The question of safety on the motorways should also be examined, because every traffic victim is one too many. However, a cool look at the accident statistics shows that there is little need for action from a safety perspective: German motorways take up around a third of traffic, but around 2021.0 percent of accidents and 8 percent of traffic victims were counted there in 12. Although in Italy, for example, there is a limit of 130 kilometers per hour and license plates are automatically registered and average speeds are calculated on almost a quarter of the routes, the number of victims per 100 kilometers of highway is 46 percent higher there.

It can be assumed that bored drivers are too distracted, for example by their mobile phones. It is probably not as effective for safety to deduct driving licence points for driving at 151 kilometres per hour on the empty motorway at night than to prosecute mobile phone abuse at the wheel or distance offenders with the same use of the police.

However, the question of the speed limit also has an industrial policy dimension. Germany's car companies sell more than 700,000 cars annually with a price of more than 100,000 euros. The German brands do not only live from the reputation that their cars work well on German motorways.

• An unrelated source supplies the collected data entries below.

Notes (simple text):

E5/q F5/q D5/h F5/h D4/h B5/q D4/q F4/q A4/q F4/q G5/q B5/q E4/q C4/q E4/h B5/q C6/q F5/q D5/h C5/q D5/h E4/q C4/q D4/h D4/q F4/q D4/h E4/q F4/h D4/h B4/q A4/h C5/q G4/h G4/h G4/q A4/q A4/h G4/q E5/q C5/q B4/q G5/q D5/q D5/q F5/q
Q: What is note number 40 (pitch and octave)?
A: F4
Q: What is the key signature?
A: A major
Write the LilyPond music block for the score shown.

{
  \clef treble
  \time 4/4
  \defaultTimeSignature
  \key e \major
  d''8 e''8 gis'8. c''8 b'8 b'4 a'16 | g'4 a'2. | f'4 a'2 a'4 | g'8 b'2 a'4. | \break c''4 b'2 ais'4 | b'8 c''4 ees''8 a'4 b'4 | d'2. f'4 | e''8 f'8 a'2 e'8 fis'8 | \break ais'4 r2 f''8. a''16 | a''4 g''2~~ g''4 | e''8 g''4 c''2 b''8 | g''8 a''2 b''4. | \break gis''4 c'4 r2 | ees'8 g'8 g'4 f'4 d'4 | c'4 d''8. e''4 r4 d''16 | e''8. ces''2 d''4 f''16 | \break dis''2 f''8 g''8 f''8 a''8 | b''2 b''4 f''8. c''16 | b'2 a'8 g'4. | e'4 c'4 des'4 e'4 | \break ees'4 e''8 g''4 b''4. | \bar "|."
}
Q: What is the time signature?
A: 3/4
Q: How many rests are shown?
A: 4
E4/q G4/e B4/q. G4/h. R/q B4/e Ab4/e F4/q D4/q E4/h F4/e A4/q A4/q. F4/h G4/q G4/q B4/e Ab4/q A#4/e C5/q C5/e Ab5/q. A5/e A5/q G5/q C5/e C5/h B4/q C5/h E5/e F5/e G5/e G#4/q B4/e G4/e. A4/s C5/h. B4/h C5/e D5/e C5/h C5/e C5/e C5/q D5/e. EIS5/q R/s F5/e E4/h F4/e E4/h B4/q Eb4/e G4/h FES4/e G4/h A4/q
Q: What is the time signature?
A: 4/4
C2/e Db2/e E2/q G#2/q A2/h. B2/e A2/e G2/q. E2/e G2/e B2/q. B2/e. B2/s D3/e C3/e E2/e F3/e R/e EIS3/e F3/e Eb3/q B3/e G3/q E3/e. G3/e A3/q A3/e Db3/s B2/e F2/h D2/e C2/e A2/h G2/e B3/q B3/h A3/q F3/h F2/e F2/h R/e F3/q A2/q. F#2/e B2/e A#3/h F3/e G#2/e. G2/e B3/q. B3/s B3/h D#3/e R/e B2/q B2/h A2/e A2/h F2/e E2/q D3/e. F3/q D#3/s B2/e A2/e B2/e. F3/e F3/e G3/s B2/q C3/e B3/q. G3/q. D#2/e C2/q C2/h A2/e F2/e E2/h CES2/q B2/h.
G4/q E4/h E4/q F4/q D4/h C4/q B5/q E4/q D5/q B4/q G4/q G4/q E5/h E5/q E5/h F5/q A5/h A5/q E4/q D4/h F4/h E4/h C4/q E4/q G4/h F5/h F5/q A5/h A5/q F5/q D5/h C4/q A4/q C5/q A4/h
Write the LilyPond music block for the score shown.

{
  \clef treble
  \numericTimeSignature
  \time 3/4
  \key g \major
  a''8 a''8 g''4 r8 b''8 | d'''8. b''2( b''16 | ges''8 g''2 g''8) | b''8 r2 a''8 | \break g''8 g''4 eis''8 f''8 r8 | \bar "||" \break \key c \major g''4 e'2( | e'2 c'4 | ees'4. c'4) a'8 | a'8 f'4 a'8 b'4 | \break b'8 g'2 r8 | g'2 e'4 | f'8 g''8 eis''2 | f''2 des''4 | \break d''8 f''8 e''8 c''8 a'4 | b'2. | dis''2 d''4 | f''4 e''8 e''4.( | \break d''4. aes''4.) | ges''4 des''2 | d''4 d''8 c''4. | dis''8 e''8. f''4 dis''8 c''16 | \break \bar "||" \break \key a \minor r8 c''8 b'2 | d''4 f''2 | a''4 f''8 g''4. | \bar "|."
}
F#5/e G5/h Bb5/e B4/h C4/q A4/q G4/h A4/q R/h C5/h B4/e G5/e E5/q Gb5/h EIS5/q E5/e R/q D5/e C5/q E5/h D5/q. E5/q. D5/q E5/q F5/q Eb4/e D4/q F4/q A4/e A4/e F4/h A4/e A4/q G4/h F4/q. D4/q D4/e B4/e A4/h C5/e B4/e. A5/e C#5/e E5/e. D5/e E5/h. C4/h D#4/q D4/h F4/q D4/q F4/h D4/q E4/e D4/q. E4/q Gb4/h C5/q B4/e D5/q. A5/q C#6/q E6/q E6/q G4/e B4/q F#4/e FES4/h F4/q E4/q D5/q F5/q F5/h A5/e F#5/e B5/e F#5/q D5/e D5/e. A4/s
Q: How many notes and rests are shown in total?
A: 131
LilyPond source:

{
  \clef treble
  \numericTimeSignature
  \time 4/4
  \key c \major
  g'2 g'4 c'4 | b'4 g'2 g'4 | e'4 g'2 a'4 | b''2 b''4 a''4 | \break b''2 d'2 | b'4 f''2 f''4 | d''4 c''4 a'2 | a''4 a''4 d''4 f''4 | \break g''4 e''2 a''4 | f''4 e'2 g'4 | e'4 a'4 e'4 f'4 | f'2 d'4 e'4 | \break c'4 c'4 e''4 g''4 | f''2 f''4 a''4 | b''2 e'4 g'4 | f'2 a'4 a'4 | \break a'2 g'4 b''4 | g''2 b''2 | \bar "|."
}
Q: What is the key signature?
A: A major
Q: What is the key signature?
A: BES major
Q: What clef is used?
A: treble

The term "autobahn tested", which is used abroad, means in practice that such German cars are safe in the curve even at 180 kilometers per hour and brake just as well, in contrast to some soft-sprung, wobbly SUV swings, which are designed for a limit of usually 70 miles (113 kilometers per hour) top speed on straight American highways. Because of the qualities and fascination of German cars, many customers abroad, for example, do not buy the basic model of the Mercedes E-Class for 50,000 euros, but the AMG version with more than 610 hp (450 kW) for 130,000 euros.

The resulting profit margins will help German carmakers to maintain almost 900,000 well-paid jobs in Germany and to finance the switch to electric drive. If this conversion succeeds, it will probably not be because the Germans will build better smartphones on four wheels than the Chinese in the future, but because German electric cars will continue to have to be considered a unique selling point: "Autobahn tested".